**WORK ORDER:**
The answer is an exact copy of the lines from the one with "Close-up of a" to the end of the listing below, pictures left out.

**PROVIDED DATA:**

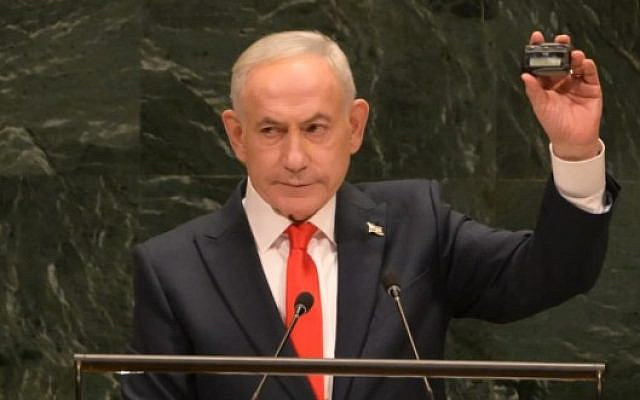 Israeli Prime Minister Benjamin Netanyahu highlights a point by brandishing a beeper at the UN General Assembly on September 24. (Avi Ohayon/GPO)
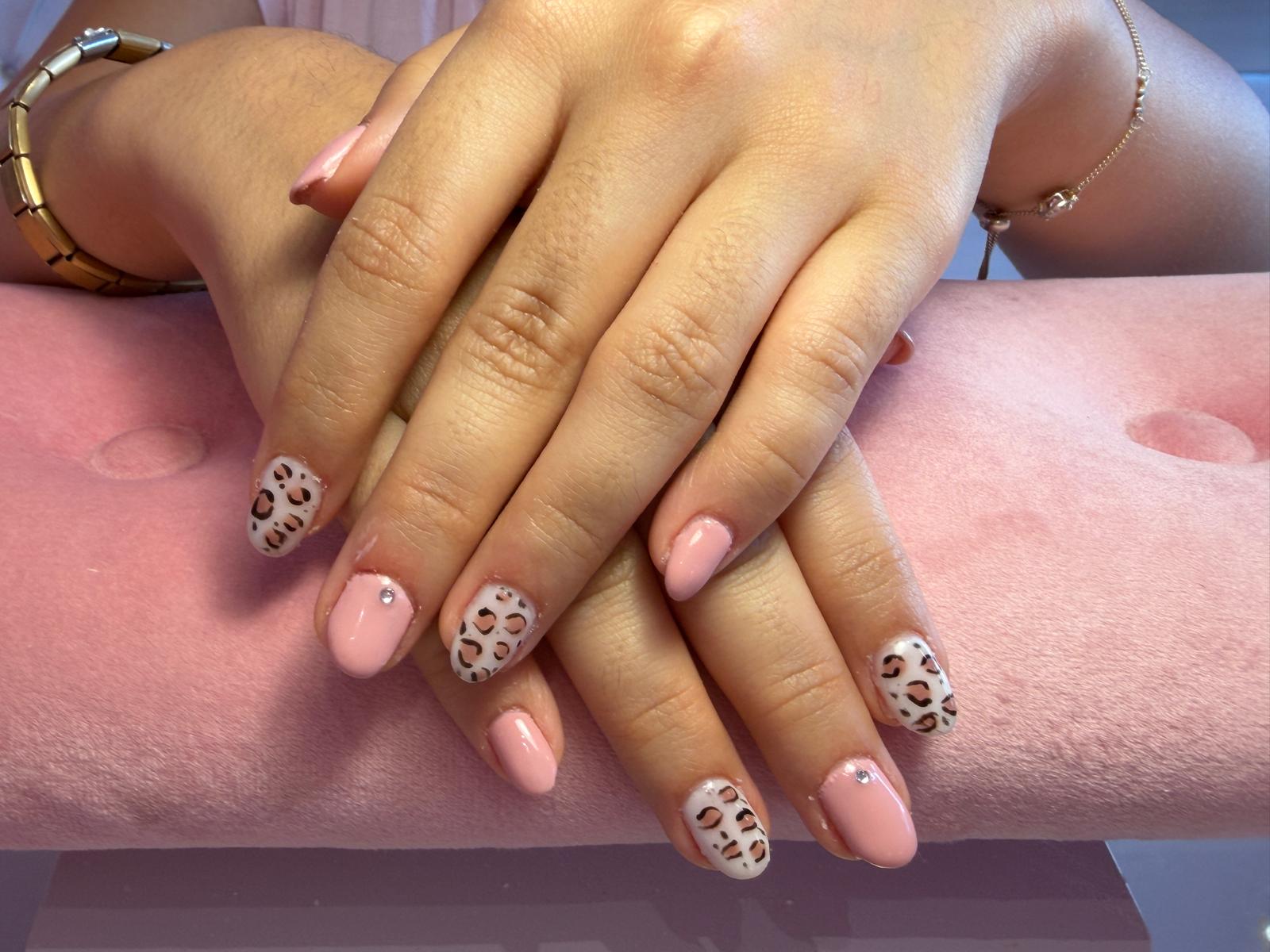 Unhas curtas em rosa nude com nail art de leopardo em preto e pedrinha na anelar, feitas no Hit Nails Mafra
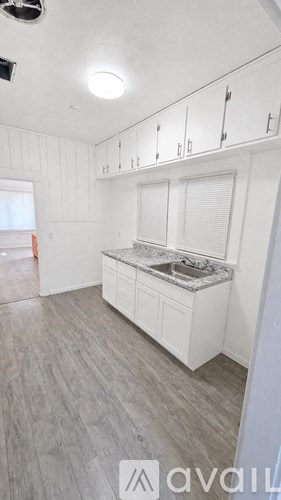 A kitchen with white cabinets and a marble countertop.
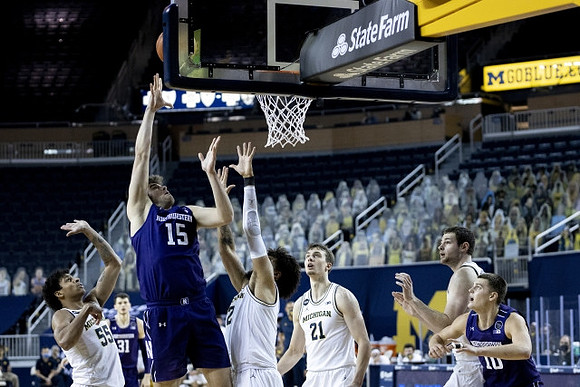 Eli Brooks (55), Mike Smith (12), Franz Wagner (21), and Hunter Dickinson (1)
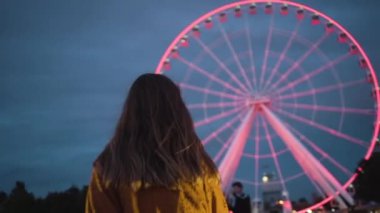 Aydınlatılmış iskelede yürüyen genç bir turist Montreal 'de arka planda parlayan dönme dolaba bakıyor.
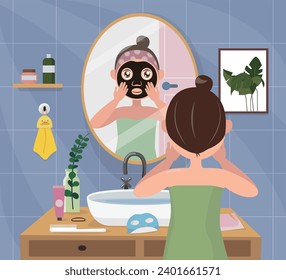 Woman applying facial mask in the bathroom.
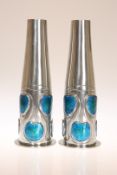 ARCHIBALD KNOX (1864-1933) FOR LIBERTY & CO A FINE PAIR OF TUDRIC PEWTER AND ENAMEL VASES, NOS.
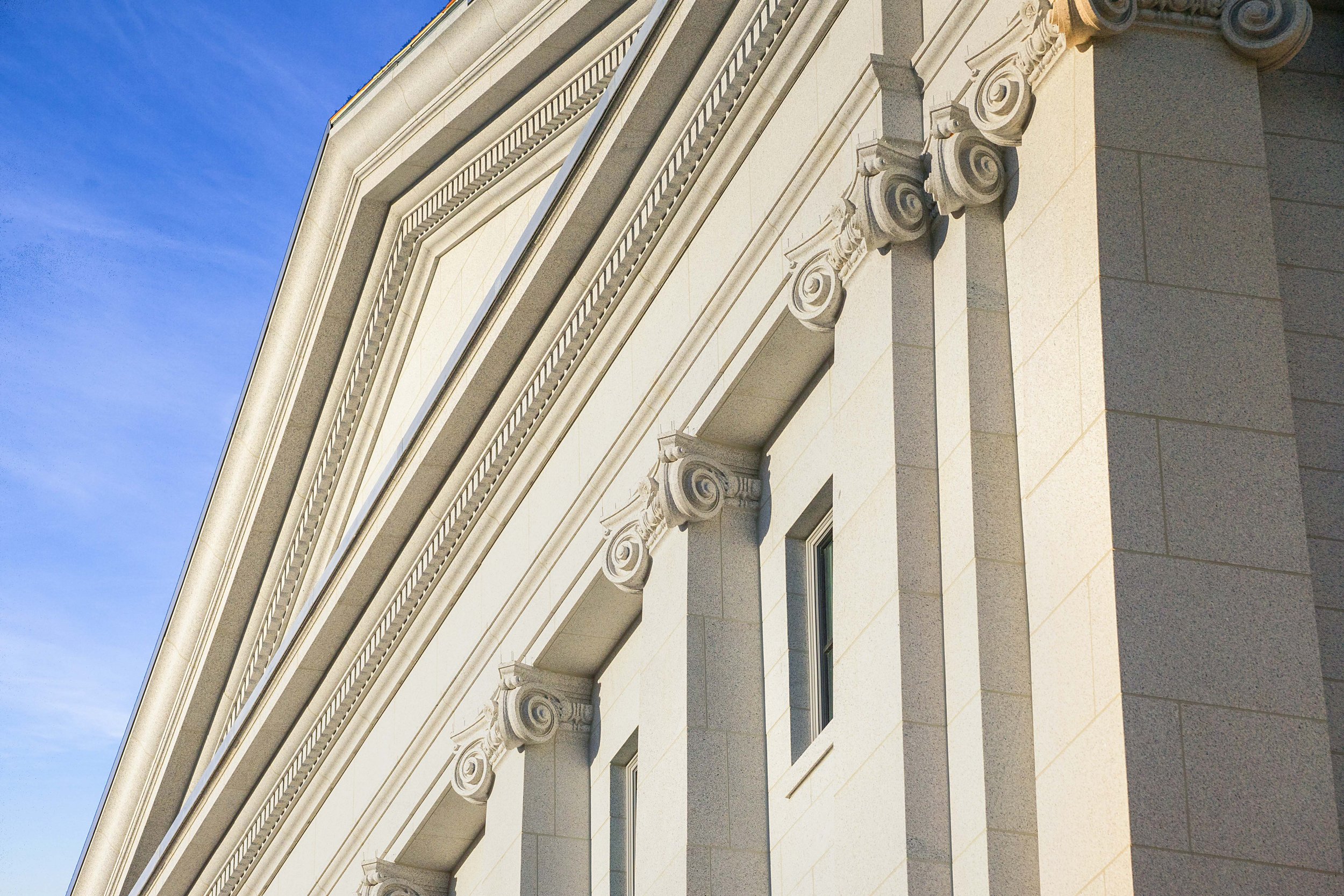 Close-up of a classical building facade with decorative columns and detailed molding against a blue sky.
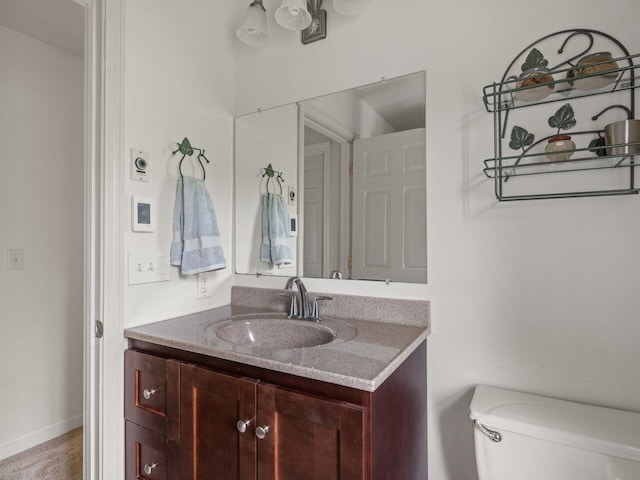 278 S Cove Rd, Burlington, VT 05401 - half bathroom with vanity and toilet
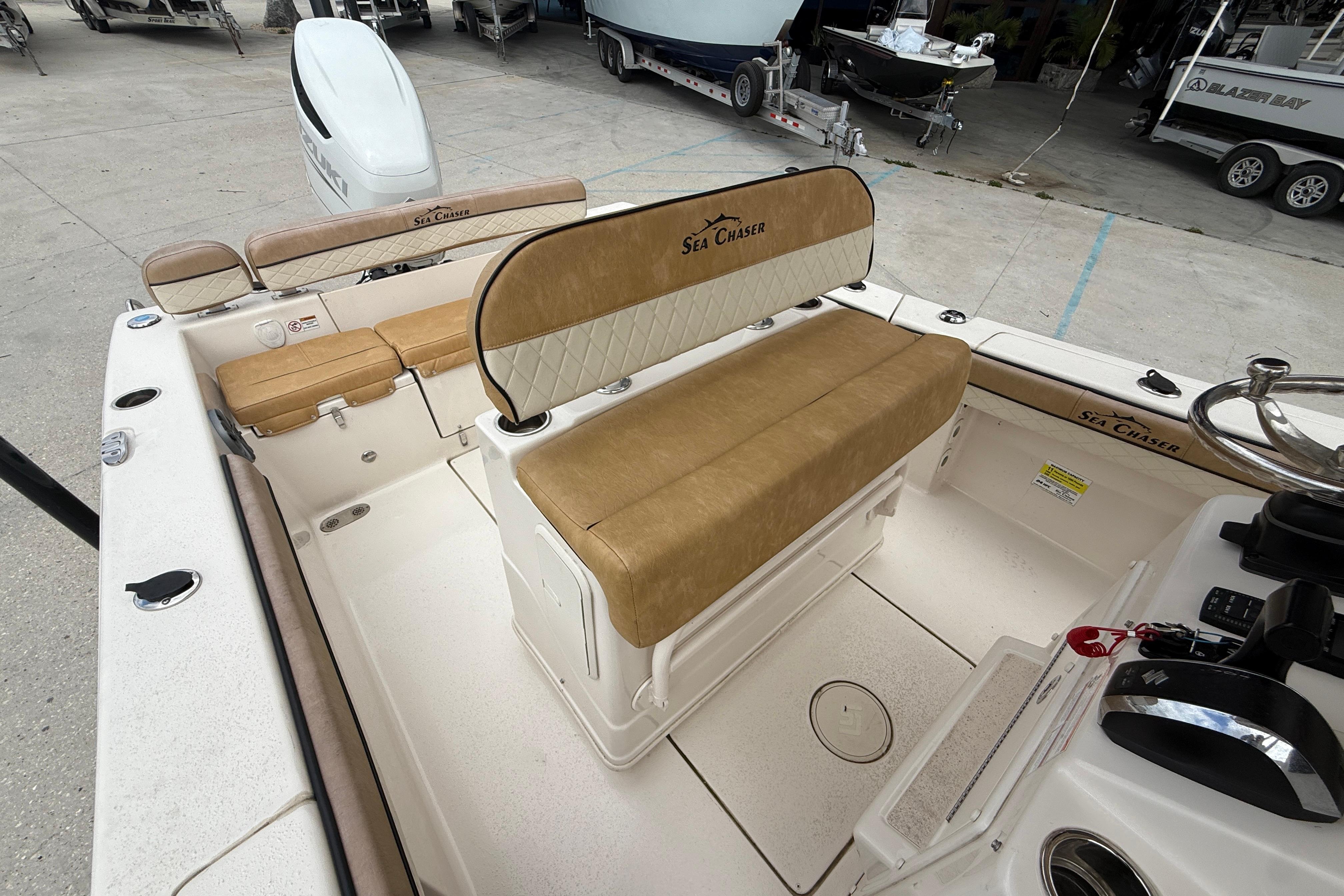 2023 SeaChaser 24 HFC boat interior with tan seating and steering console.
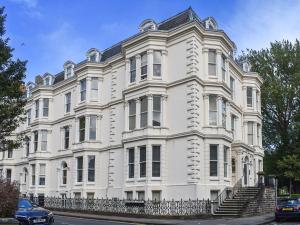 a large white building with stairs in front of it at Church View Apartment in Scarborough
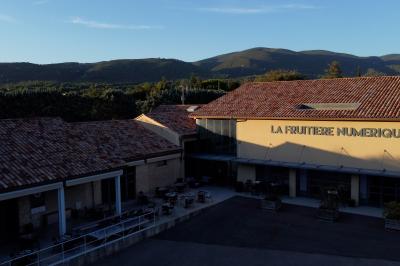 Salle de réunion avec tables et chaises disposées en U, grand écran blanc, plantes et buffet en arrière-plan.
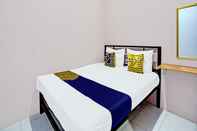 Bedroom SPOT ON 92370 Sobat Ijen Homestay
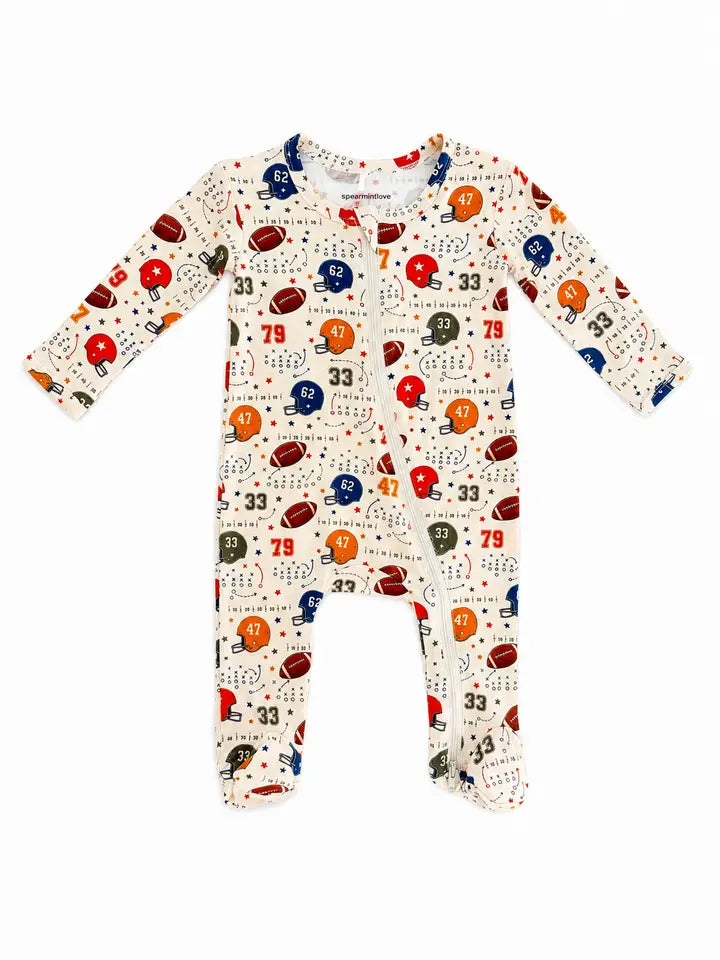 A baby long-sleeve footed sleeper with an all-over football-themed print on a cream background. The print features red, blue, and orange football helmets, footballs, numbers, and small stars.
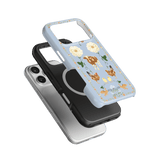Farmland iPhone case featuring a blue background with floral and animal illustrations, stacked with black and silver cases.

**YOUR RESPONSE:**
 Close-up of a classical building facade with decorative columns and detailed molding against a blue sky.
 278 S Cove Rd, Burlington, VT 05401 - half bathroom with vanity and toilet
 2023 SeaChaser 24 HFC boat interior with tan seating and steering console.
 a large white building with stairs in front of it at Church View Apartment in Scarborough
 Salle de réunion avec tables et chaises disposées en U, grand écran blanc, plantes et buffet en arrière-plan.
 Bedroom SPOT ON 92370 Sobat Ijen Homestay
 A baby long-sleeve footed sleeper with an all-over football-themed print on a cream background. The print features red, blue, and orange football helmets, footballs, numbers, and small stars.
Farmland iPhone case featuring a blue background with floral and animal illustrations, stacked with black and silver cases.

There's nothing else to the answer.